Journal:Exploration of organic superionic glassy conductors by process and materials informatics with lossless graph database
Full article title | Exploration of organic superionic glassy conductors by process and materials informatics with lossless graph database |
---|---|
Journal | npj Computational Materials |
Author(s) | Hatakeyama-Sato, Kan; Umeki, Momoka; Adachi, Hiroki; Kuwata, Naoaki; Hasegawa, Gen; Oyaizu, Kenichi |
Author affiliation(s) | Waseda University, National Institute for Materials Science |
Primary contact | Email: oyaizu at waseda dot jp |
Year published | 2022 |
Volume and issue | 8 |
Article # | 170 |
DOI | 10.1038/s41524-022-00853-0 |
ISSN | 2057-3960 |
Distribution license | Creative Commons Attribution 4.0 International |
Website | https://www.nature.com/articles/s41524-022-00853-0 |
Download | https://www.nature.com/articles/s41524-022-00853-0.pdf (PDF) |
This article should be considered a work in progress and incomplete. Consider this article incomplete until this notice is removed. |
Abstract
Data-driven material exploration is a ground-breaking research style; however, daily experimental results are difficult to record, analyze, and share. We report a data platform that losslessly describes the relationships of structures, properties, and processes as graphs in electronic laboratory notebooks (ELNs). As a model project, organic superionic glassy conductors were explored by recording over 500 different experiments. Automated data analysis revealed the essential factors for a remarkable room-temperature ionic conductivity of 10−4 to 10−3 S cm−1 and a Li+ transference number of around 0.8. In contrast to previous materials research, everyone can access all the experimental results—including graphs, raw measurement data, and data processing systems—at a public repository. Direct data sharing will improve scientific communication and accelerate integration of material knowledge.
Keywords: materials science, materials informatics, electronic laboratory notebook, data sharing
Introduction
Materials informatics is the study of the data-oriented understanding of materials science data, represented by structures, properties, mechanisms, and protocols. [1] Artificial intelligence (AI) has been used in the field for automated material design, massive data analyses, and accelerated experiments with robots to advance the discovery of materials for energy- and environment-related applications. [1,2,3,4,5]

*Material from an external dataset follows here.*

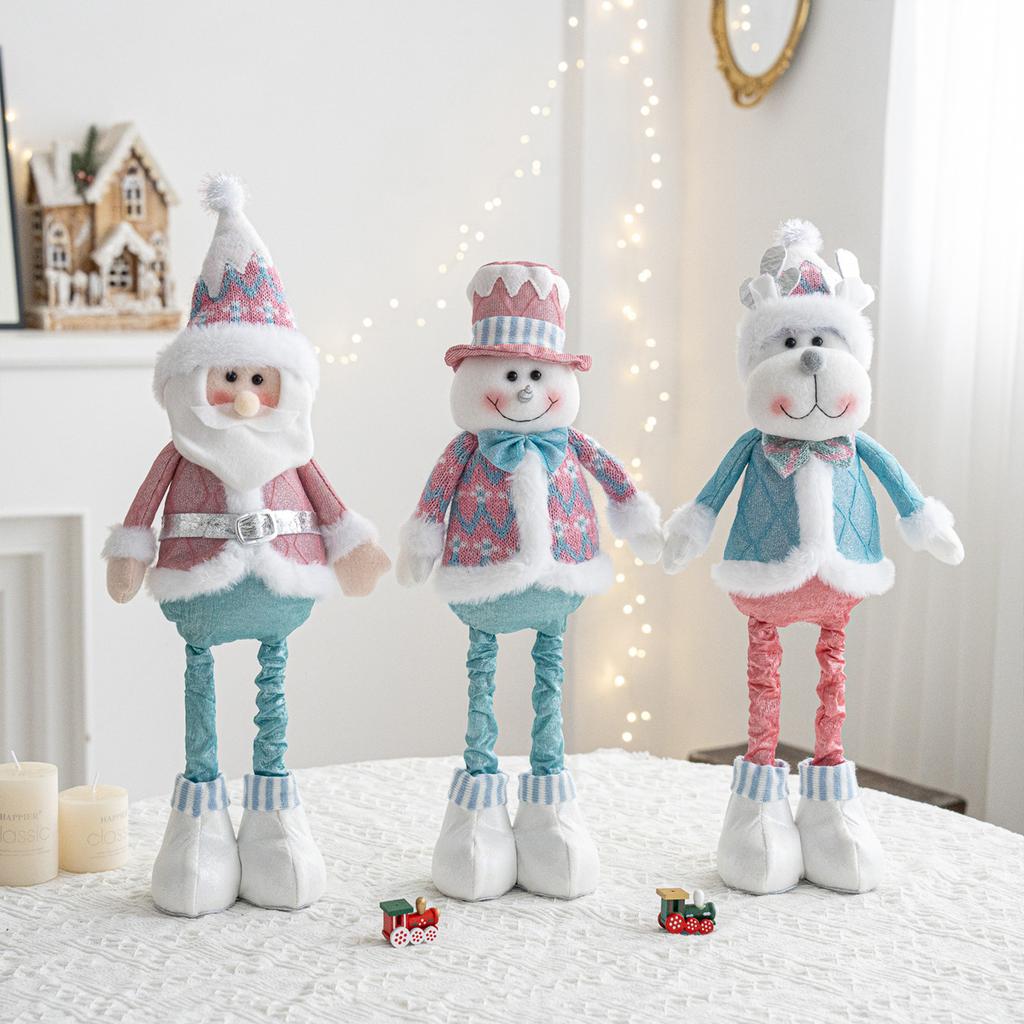 Retractable Santa Snowman Reindeer Plush Doll Set Blue Pink Christmas Decorations for Window Display Home Party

A long-term challenge in materials informatics and materials science is lossless data sharing by the scientific community. [6] Although materials and devices are sensitive to their preparation processes, materials databases and scientific documents generally do not provide sufficient information. [1,7,8] Most databases focus on structure–property relations and ignore or shorten the preparation protocols. [1,4,6,8] Experimental methods are available in scientific journals, but only specialists can appropriately extract the structure–property–process relationships from the text, and automated text parsing by AI is not yet practical. [7,9] Furthermore, detailed information—including non-representative experimental protocols, lot numbers of reagents, and raw measurement data—is often omitted from articles, which leaves major uncertainties about a material's data. As such, researchers may need to improve their communication style to achieve lossless material data sharing.

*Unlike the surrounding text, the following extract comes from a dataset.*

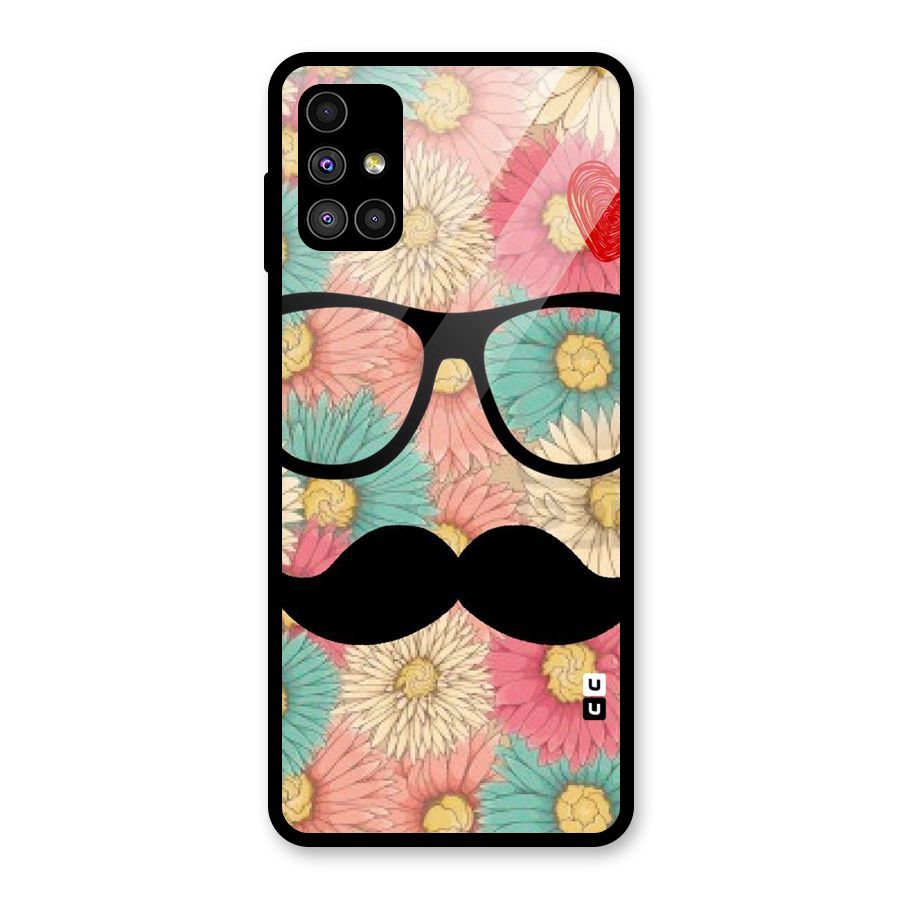 Floral Moustache Glass Back Case for Galaxy M51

Given these factors, we propose a data platform that can explicitly describe the relations among the structures, properties, and processes of materials (Fig. 1). Based on the concepts of knowledge graphs or flowcharts [7,10], all experimental events are connected as nodes in graphs. Most experimental information can be described losslessly as graphs, the format of which is also compatible with data science. [7] We demonstrated the system by using it in our research of superionic organic conductors, which revealed the factors for achieving a remarkable room-temperature conductivity of 10−4 to 10−3 S/cm and a Li+ transference number of 0.8, practically the highest values of known tested organic solid-state conductors without plasticizers. [11,12,13,14,15] All experimental data, including everyday experimental operations and measurements (over 500 records), were recorded in the database and are available from a public repository. This work is ultimately representative of the demonstration in experimental materials science of the everything-open research style, which should become the standard for scientific communication to accelerate the integration of materials knowledge.
|
Results
Recording daily experiments as graph-shaped data
As the essential components of next-generation secondary batteries [12,13,14,16,17,18], solid-state organic lithium-ion conductors were prepared by mixing aromatic polymers, electron-accepting molecules, and lithium salts (Fig. 2a). Several candidates were virtually extracted in our previous machine learning (ML) study, using the model trained with literature data (>10,000 experimental records). [4] The model indicated a high room-temperature conductivity over 0.1 mS cm−1, and we experimentally confirmed some predictions. [4] However, the model could not input process information, even though the properties and hierarchical structures of composite materials are changed drastically by different preparation protocols. [1,7,8] The literature does not provide comprehensive experimental information for each electrolyte, mainly because of the limited space for methodology sections. This is not a problem specific to ionic conductors but has been a general limitation in materials informatics.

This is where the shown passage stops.